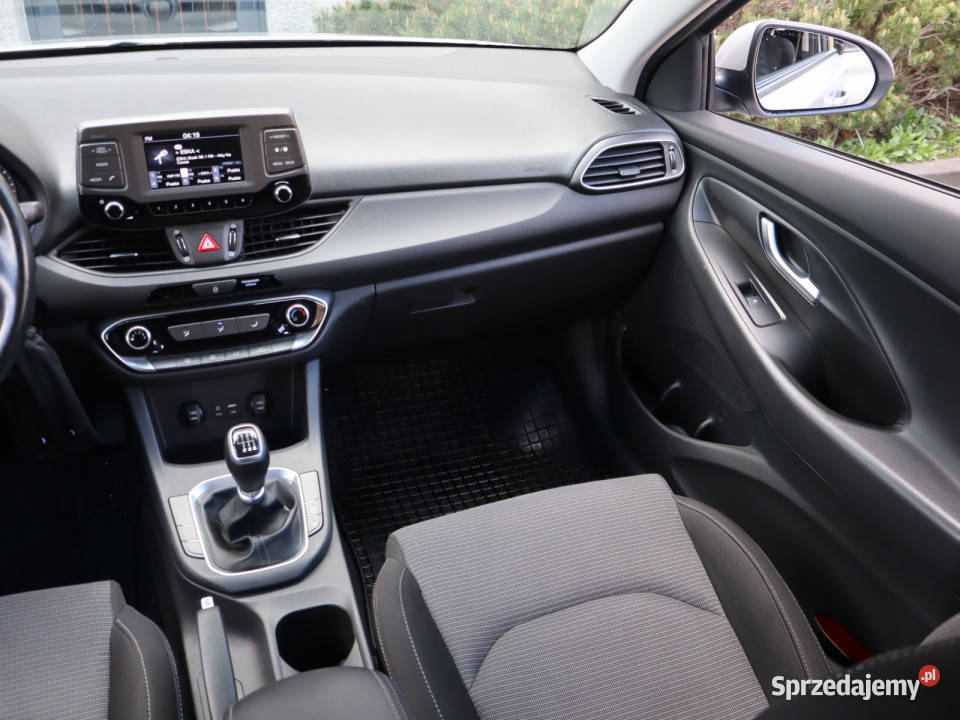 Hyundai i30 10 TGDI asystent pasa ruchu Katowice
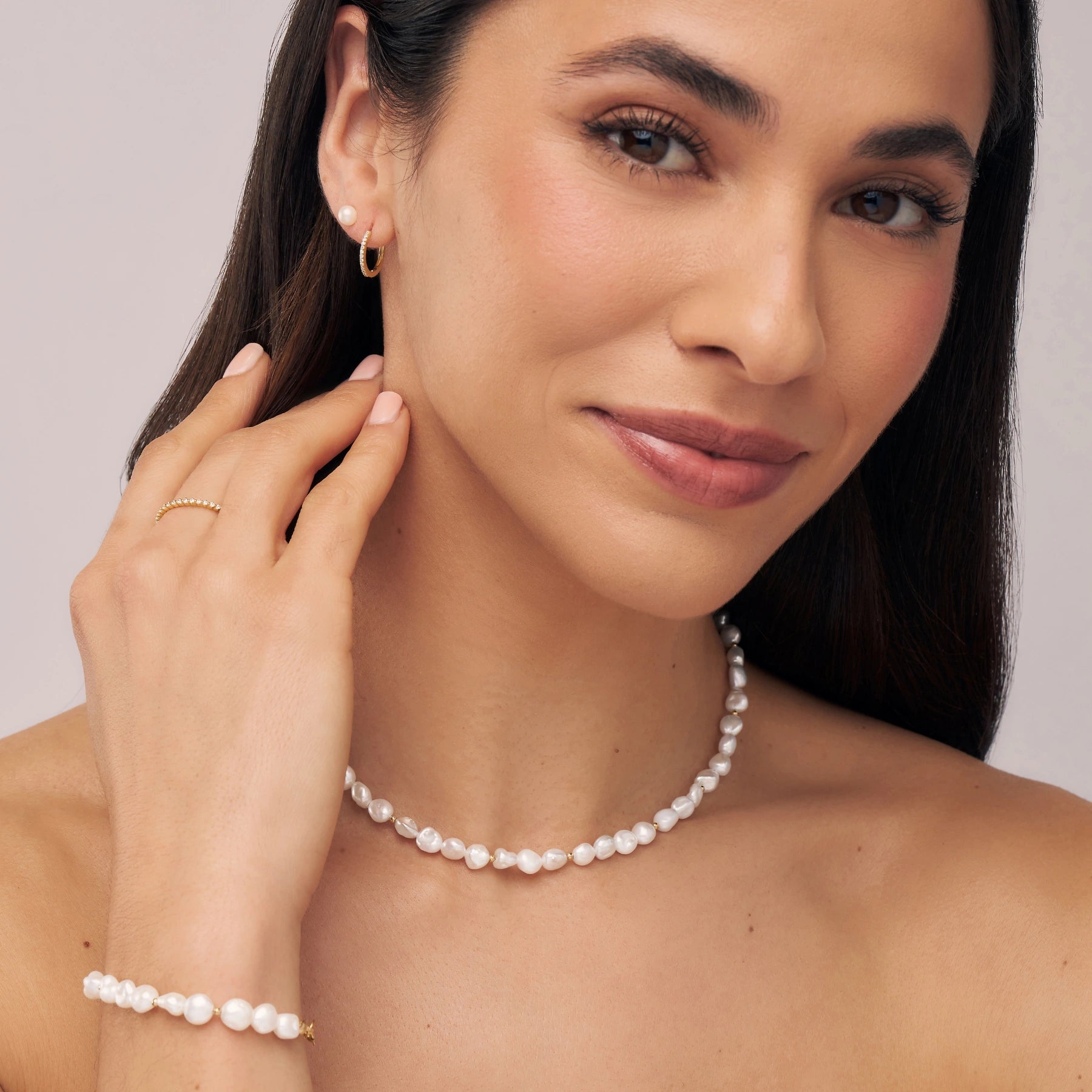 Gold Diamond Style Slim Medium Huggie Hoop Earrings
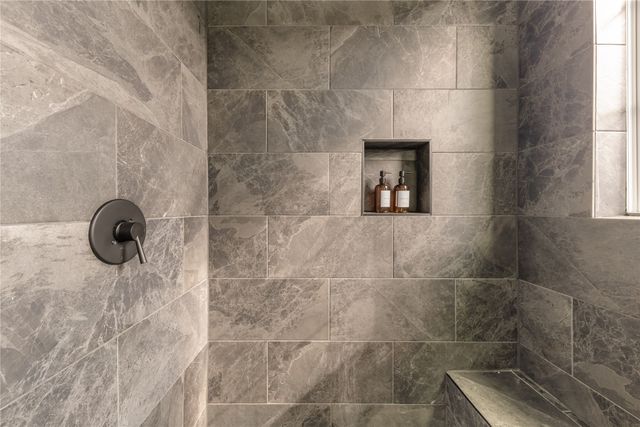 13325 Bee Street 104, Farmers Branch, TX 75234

--- --- ---

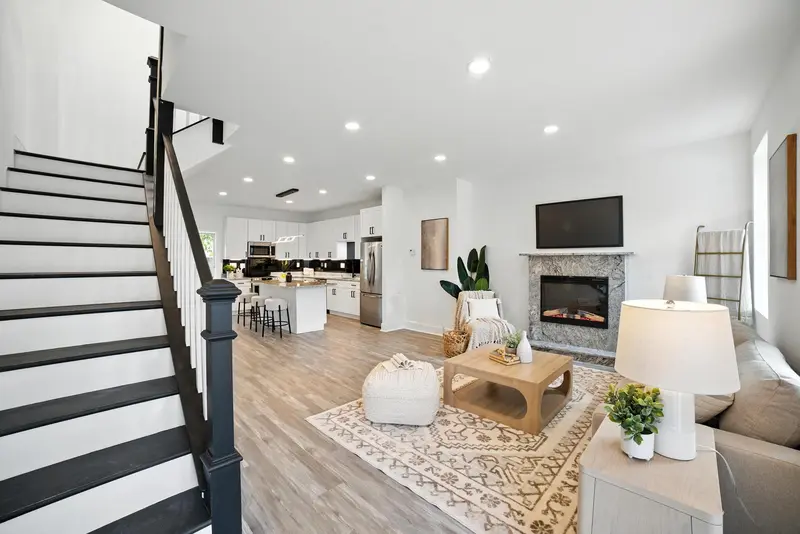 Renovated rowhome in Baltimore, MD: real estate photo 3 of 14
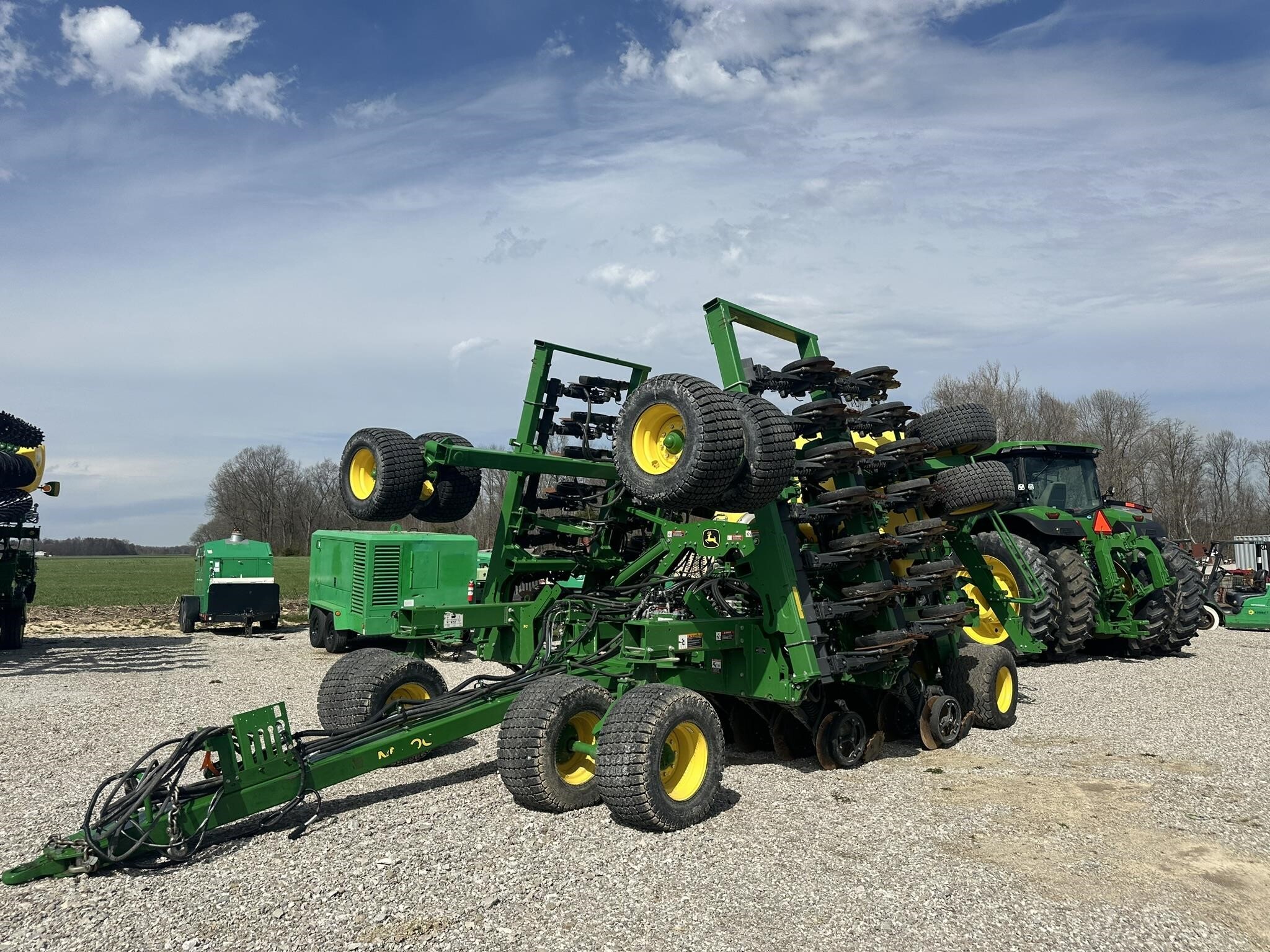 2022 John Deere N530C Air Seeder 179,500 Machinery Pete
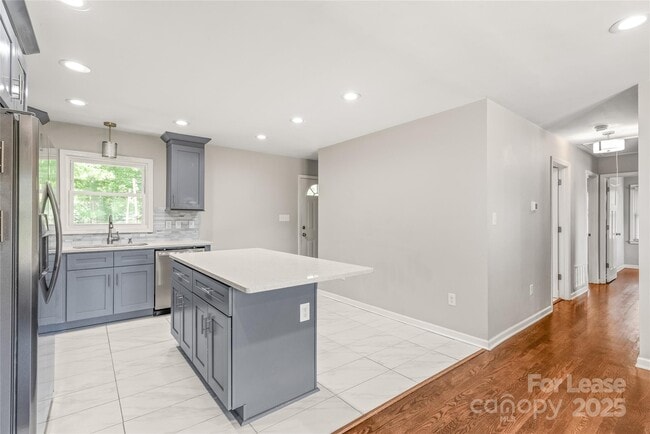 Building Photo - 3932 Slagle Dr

--- --- ---

*WORK ITEM*:
What you return from the records above should be exactly everything from the line with "Hyundai i30 10" down to the line with "13325 Bee Street", both kept, and no pictures.

*SOLUTION TO THE EXERCISE*:
 Hyundai i30 10 TGDI asystent pasa ruchu Katowice
 Gold Diamond Style Slim Medium Huggie Hoop Earrings
 13325 Bee Street 104, Farmers Branch, TX 75234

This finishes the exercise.